In this section, you can design your own neural work to test on the same dataset.

**Set up the net as before, train it, and test it out!**

In [None]:
# Create your net!

class my_NN(nn.Module):
    # This method creates the needed parameters for the NN
    def __init__(self, input_size, hidden_size, output_size):
        super(my_NN, self).__init__()
        # Set up the basic parameters of the network

        
        
        # Be sure to define any math functions you may need here.
        
        

    # Create a forward pass function. Most of the creativity happens here! 
    # You can use any combination of linear, convolution, pooling layers etc., and any activation functions.
    # You may need to look at the PyTorch documentation to learn how to set the dimensions of each layer etc.
    # It is probably good to end with a softmax function, unless you have another way to convert the output into a probability vector!
    def forward(self, x):
        x = th.flatten(x, start_dim=-3) #`start_dim=-3` means we only flatten the last three layers, to keep separate images distinct 

        
        return x
        
    # Create a function that performs the needed classification.
    def classify(self,x,display=0):
        
        
        return 


In [None]:
# Train your network!

batch = 50
num_batches = 
returned_losses = []
tol = 

# Actually create the neural network.
# The hidden size is the dimension of our hidden layers.
# Let's see what happens if we increase the size of the hidden layer
net3 = my_NN(input_size=784, hidden_size=   , output_size = 10)

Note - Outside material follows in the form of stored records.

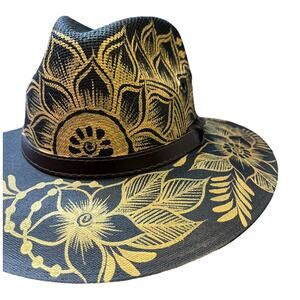 HAT MEXICAN Artisanal Hand Painted Fedora Floral Sombrero Panama Bohemian Black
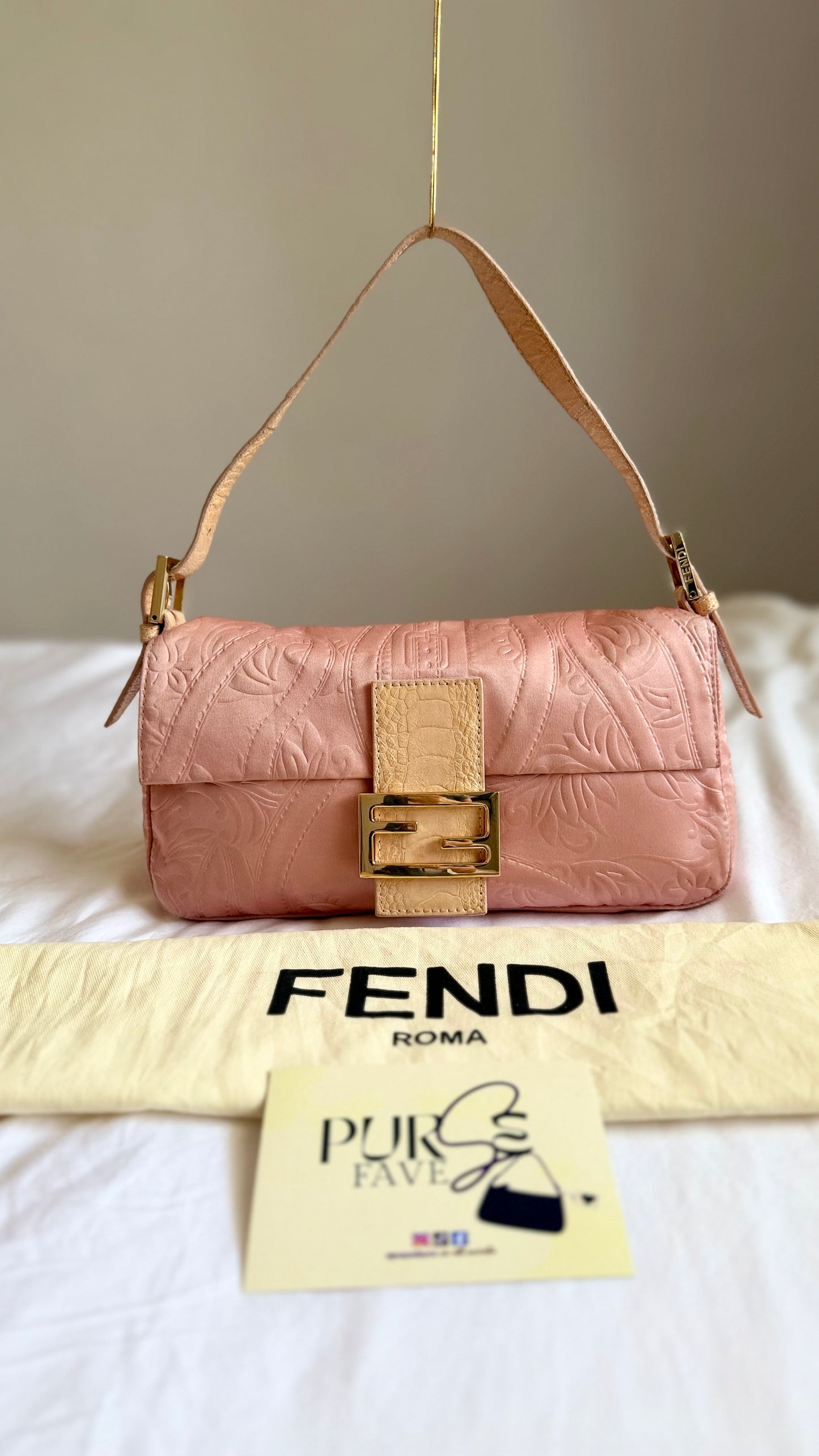 Authentic Vintage Fendi Baguette Pink Silk 3D Embossed Floral Swirl Pattern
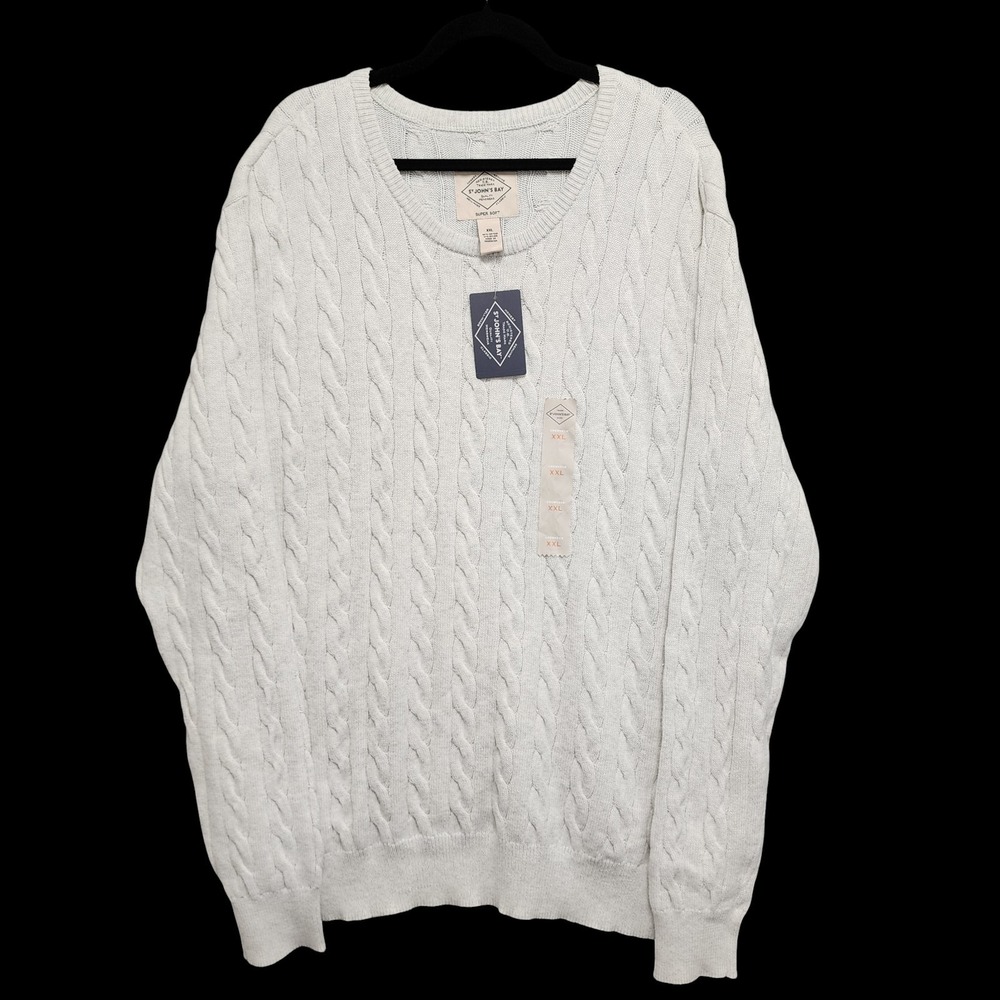 St Johns Bay Cable Knit Crewneck Sweater Men XXL (Slim Fit) Fisherman NEW w/ Tag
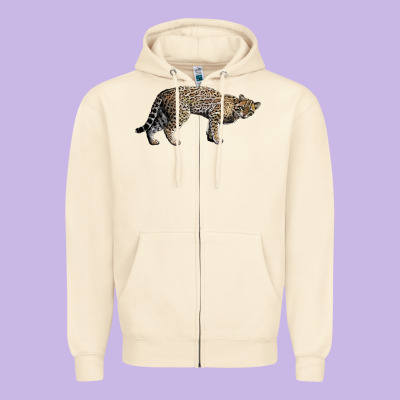 Ocelot Zipper Hoodie Designed By Lillyallendesigns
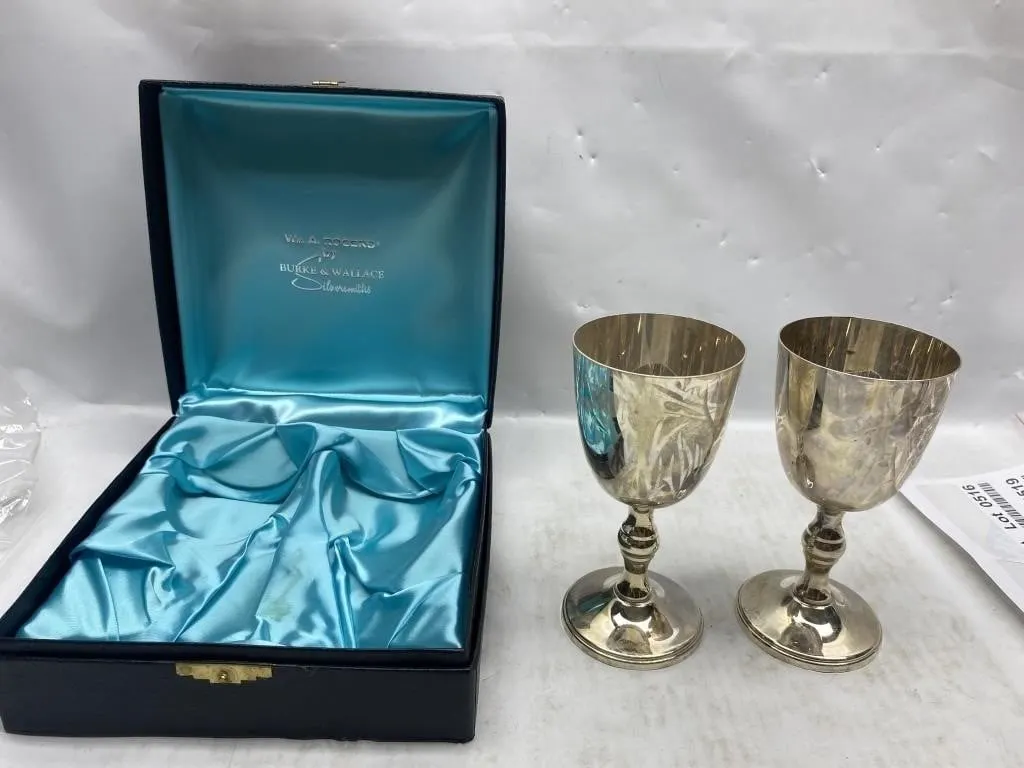 Silver-plate goblets pair with fitted presentation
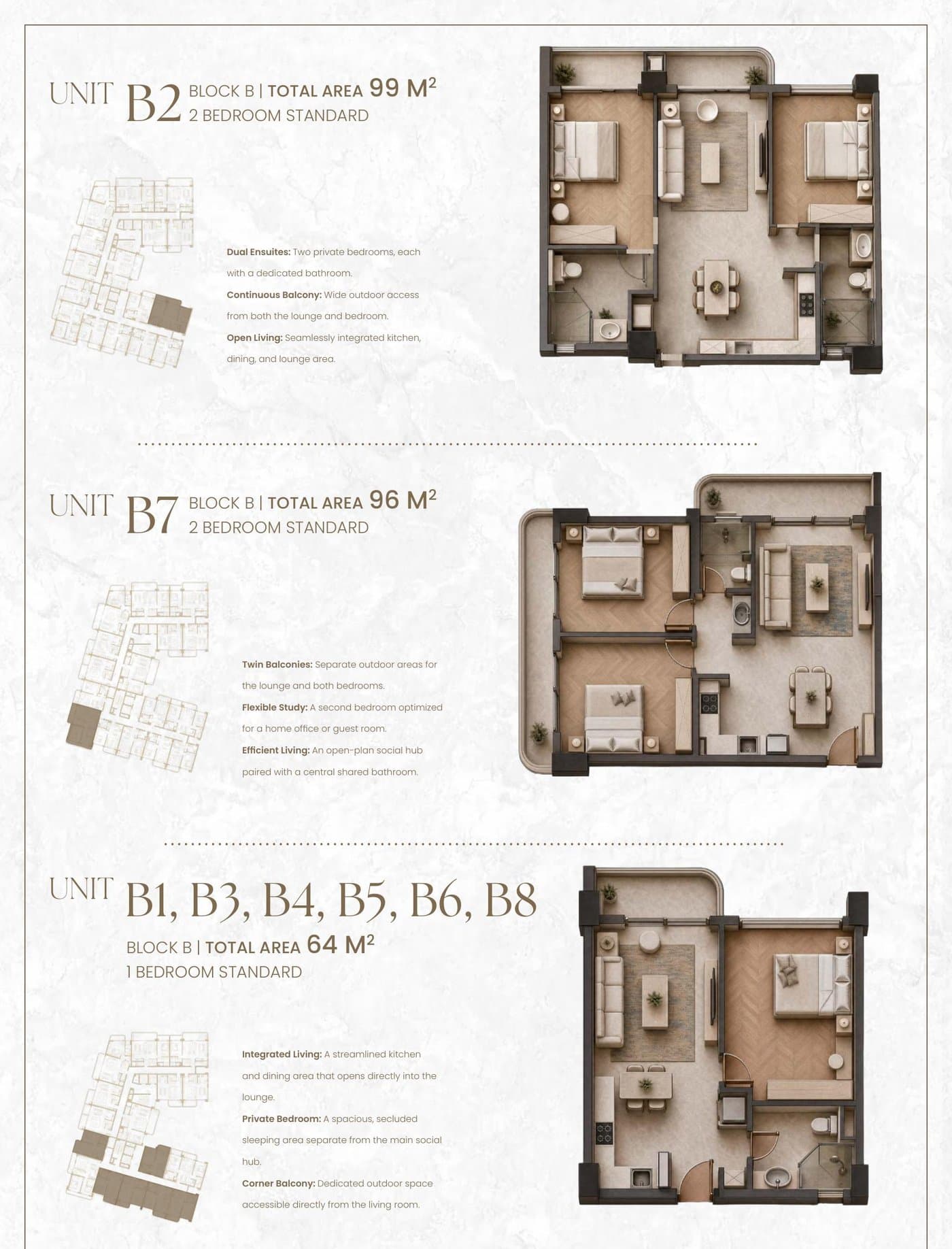 Floor plan for B1, B3, B4, B5, B6, B8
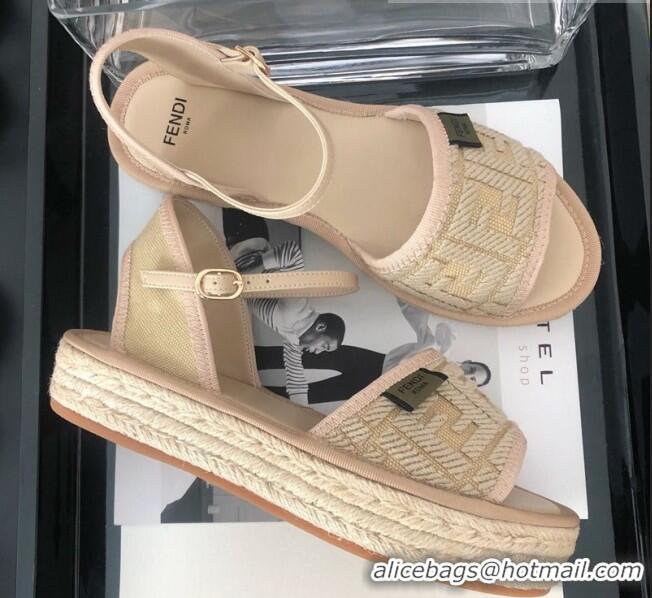 Popular Style Fendi FF Flatform Label Espadrilles Sandals F62442 Beige 2020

for i in trange(num_batches):
    x_batch, y_batch = next(iter(train_dataloader))
    

    

    # Perform backpropogation

    
    
    # Quit if better than your chosen tolerance
    if returned_losses[i] < tol:
        break
        

In [None]:
# Use matplotlib or other plotting software to plot your accumulated loss function versus time





In [None]:
# Test your network!








## Exercises:
* (Optional) Alter your training loop so that, at each step, the loss is also calculated for the test set data. Record this data in an additional list named `returned_test_losses`. Make a plot showing the evolution of both `returned_loss` and `returned_test_loss` over time. What do you observe?